(Data excerpts)
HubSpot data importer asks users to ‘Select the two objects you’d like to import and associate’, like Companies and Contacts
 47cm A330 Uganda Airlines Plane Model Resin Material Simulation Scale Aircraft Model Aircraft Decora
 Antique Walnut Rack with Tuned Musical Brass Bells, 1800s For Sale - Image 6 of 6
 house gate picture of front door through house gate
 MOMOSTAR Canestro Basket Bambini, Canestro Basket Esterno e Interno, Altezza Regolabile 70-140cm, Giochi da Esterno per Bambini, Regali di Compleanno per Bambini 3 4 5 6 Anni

* _What you are asked to do_
This calls for all of the entries above, repeated exactly.

* _Solution to this task_
HubSpot data importer asks users to ‘Select the two objects you’d like to import and associate’, like Companies and Contacts
 47cm A330 Uganda Airlines Plane Model Resin Material Simulation Scale Aircraft Model Aircraft Decora
 Antique Walnut Rack with Tuned Musical Brass Bells, 1800s For Sale - Image 6 of 6
 house gate picture of front door through house gate
 MOMOSTAR Canestro Basket Bambini, Canestro Basket Esterno e Interno, Altezza Regolabile 70-140cm, Giochi da Esterno per Bambini, Regali di Compleanno per Bambini 3 4 5 6 Anni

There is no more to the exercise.